Thursday, 27 February 2014

The Invention of Wings by Sue Monk Kidd

“The Invention of Wings” is set between 1811 and 1838 and tells the tale of slavery in the South of America from two viewpoints, that of the slave, and that of a white girl from a slave-holding family, a girl who sees the cruelty endured by the slaves for what it is but, because of society, feels “alone in the world with my alien ideas.” 

That girl is Sarah Grimke, a famous abolitionist who can be read about on Wikipedia. This work of fiction starts with her being 11 and offered a slave called Handful. She refuses the gift. This, as the blurb says, is where the trouble begins.

From there Sarah realises that she too is enslaved in certain things – “at the age of eleven I owned a slave I couldn’t free.” She is also prevented from being who she wants to be because she is a woman. “If Sarah were a boy, she would be the greatest jurist in South Carolina!” her father says. But “for a woman to aspire to be a lawyer – well, possibly, the world would end.” And her slave Handful summed it up best of all by saying “my body might be slave, but not my mind, for you, it’s the other way round.”

So Sarah goes through her life with her alien ideas, which she also influences upon her younger sister and goddaughter Nina Grimke. Eventually she comes upon her purpose in life, “we can’t accept slavery, it must end. That’s what I was born for.” This is where she, with the help of Nina, discovers her wings – “I saw how cunning the Fates had been. Nina was one wing, I was the other.” Meanwhile Handful’s wings are still clipped. With the slaves having failed in a revolt she is still enslaved back in Charleston at the Grimke’s home.  

Sarah and Nina then become famous, or infamous, speakers across the North of America on issues around abolition and women’s rights which leads to them getting ostracised. They “could no longer set foot in Charleston without fear of imprisonment.”

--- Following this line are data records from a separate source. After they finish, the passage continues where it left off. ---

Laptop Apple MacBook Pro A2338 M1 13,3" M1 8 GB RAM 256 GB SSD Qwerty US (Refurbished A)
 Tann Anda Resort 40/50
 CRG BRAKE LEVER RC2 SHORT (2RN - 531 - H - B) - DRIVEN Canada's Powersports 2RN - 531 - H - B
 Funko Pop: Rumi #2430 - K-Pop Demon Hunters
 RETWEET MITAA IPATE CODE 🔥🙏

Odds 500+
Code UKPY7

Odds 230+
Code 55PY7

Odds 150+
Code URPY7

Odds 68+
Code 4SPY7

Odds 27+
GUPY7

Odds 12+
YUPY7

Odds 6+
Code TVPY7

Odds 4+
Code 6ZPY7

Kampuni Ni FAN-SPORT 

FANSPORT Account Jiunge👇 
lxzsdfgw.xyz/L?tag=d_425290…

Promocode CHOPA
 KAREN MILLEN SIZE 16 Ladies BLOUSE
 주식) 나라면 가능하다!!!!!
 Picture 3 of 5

And onto the ending which sees Handful no longer being able to face being a slave for the rest of her days and so planning to make an audacious and dangerous escape with her sister Sky - “We gonna leave here or die trying” – as they  want to finally discover their wings.

Overall this is a good work of fiction bringing slavery to life. The voices are good too as Handful sounds like how you’d imagine a slave to sound, and Sarah more the “daughter of Judge John Grimke – a Southern patriot, a slaveholder, an aristocrat” although without the pro-slavery elements of course. In the author’s note at the end the author says she was inspired by the words of Professor Julian Lester, “History is not just facts and events. History is also a pain in the heart and we repeat history until we are able to make another’s pain in the heart our own.” And that is what this book does.